Work instructions:
Copy the records below exactly, starting at the line that contains "Heat pump hot" and ending at the line that contains "Olle Berg hade"; leave out any pictures.

Stored items from a collection:
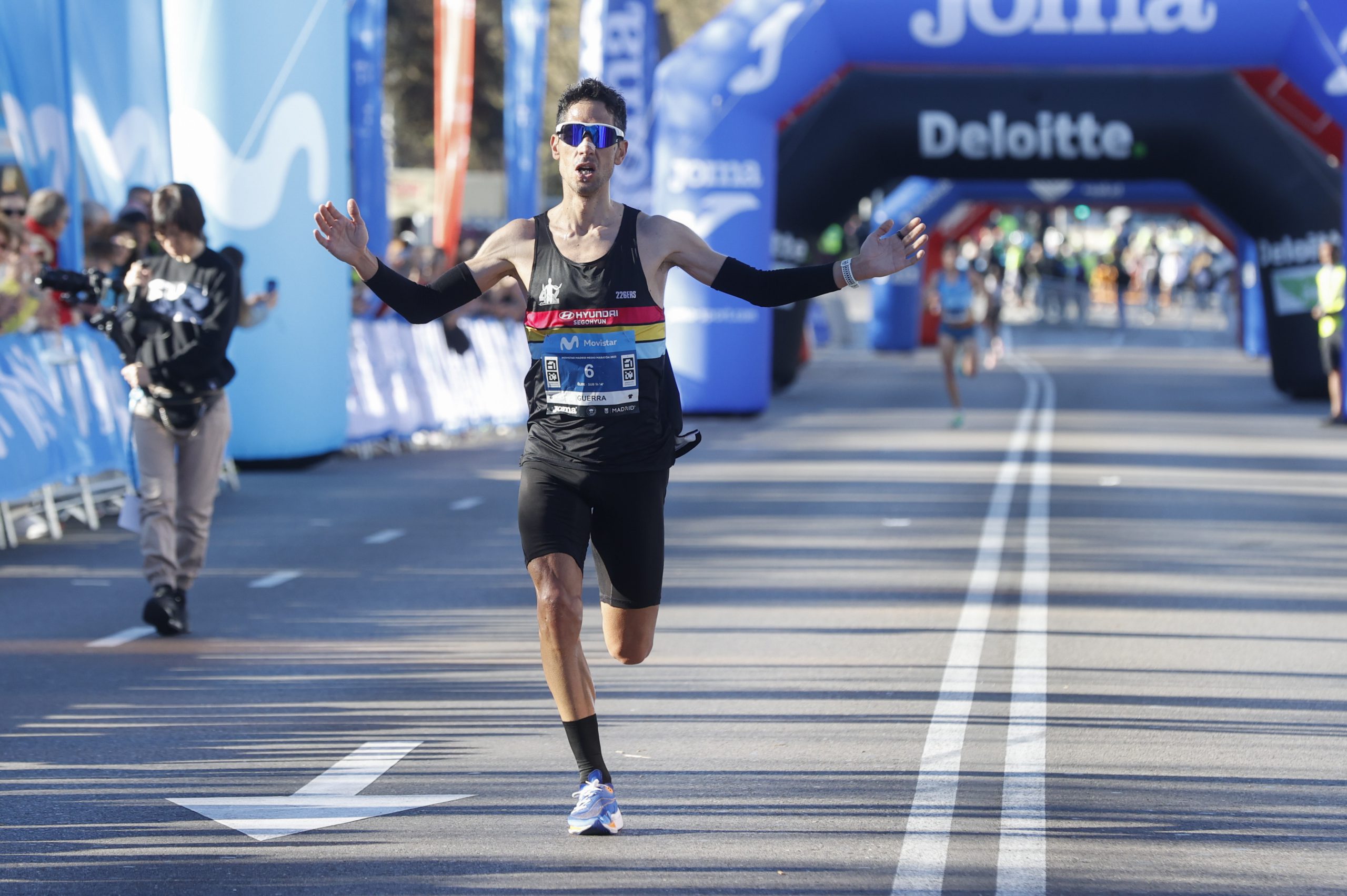 Javier Guerra cruza la línea de meta para convertirse en el primer español en acabar el Medio Maratón de Madrid este domingo.  EFE/ Juan Carlos Hidalgo
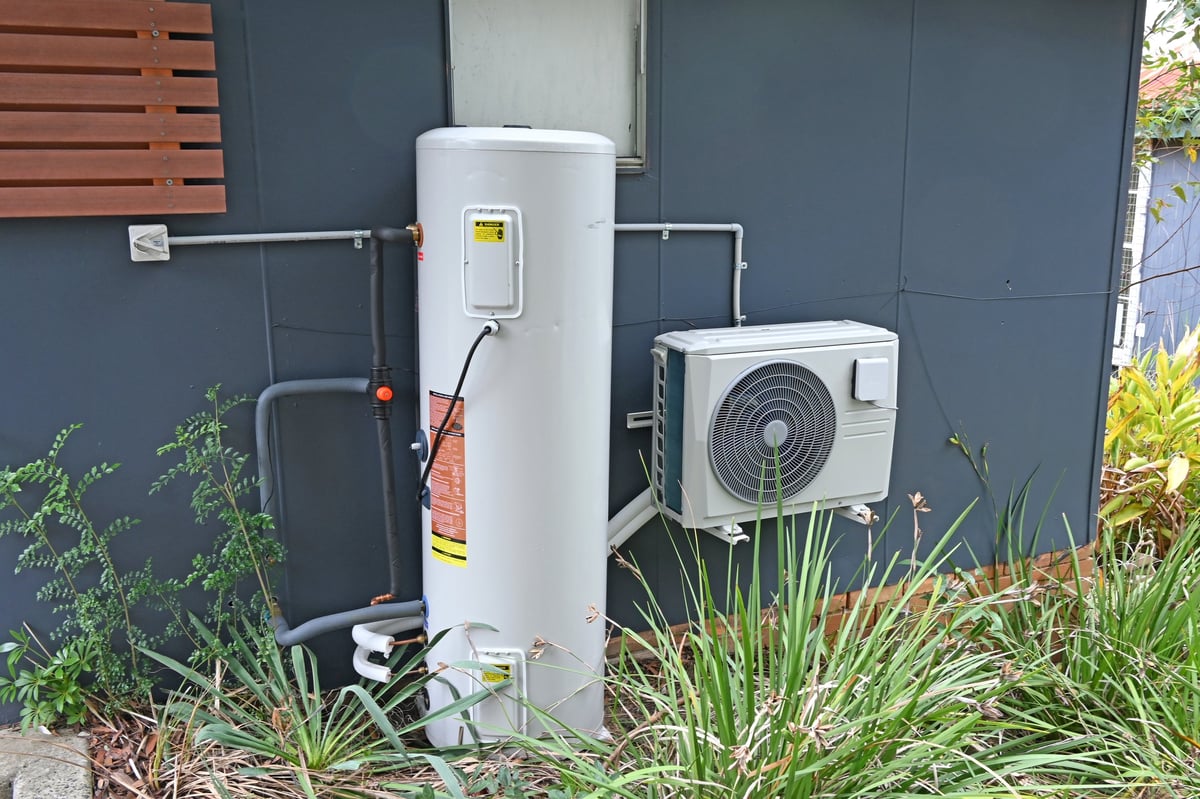 Heat pump hot water system with separate evaporator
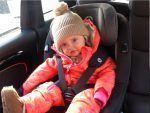 Doris in dikke winterkleren in de auto: zo moet het dus niet.
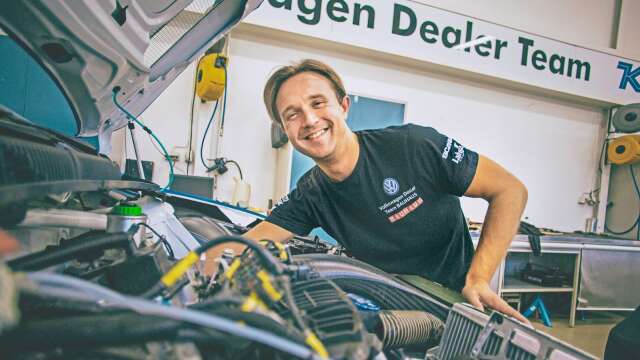 Olle Berg hade en dröm om att bli rallyförare, en dröm som lever kvar, men det är som mekaniker han har kunnat livnära sig i vuxen ålder.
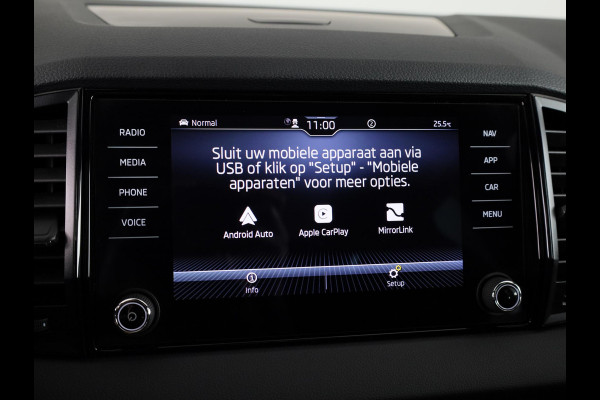 Škoda Karoq 1.5 TSI ACT Business Edition Plus 150 pk Automaat (DSG) | Verlengde garantie | Navigatie | Panoramadak | Parkeersensoren | Achteruitrijcamera | Adaptieve cruise control |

Response box:
 Heat pump hot water system with separate evaporator
 Doris in dikke winterkleren in de auto: zo moet het dus niet.
 Olle Berg hade en dröm om att bli rallyförare, en dröm som lever kvar, men det är som mekaniker han har kunnat livnära sig i vuxen ålder.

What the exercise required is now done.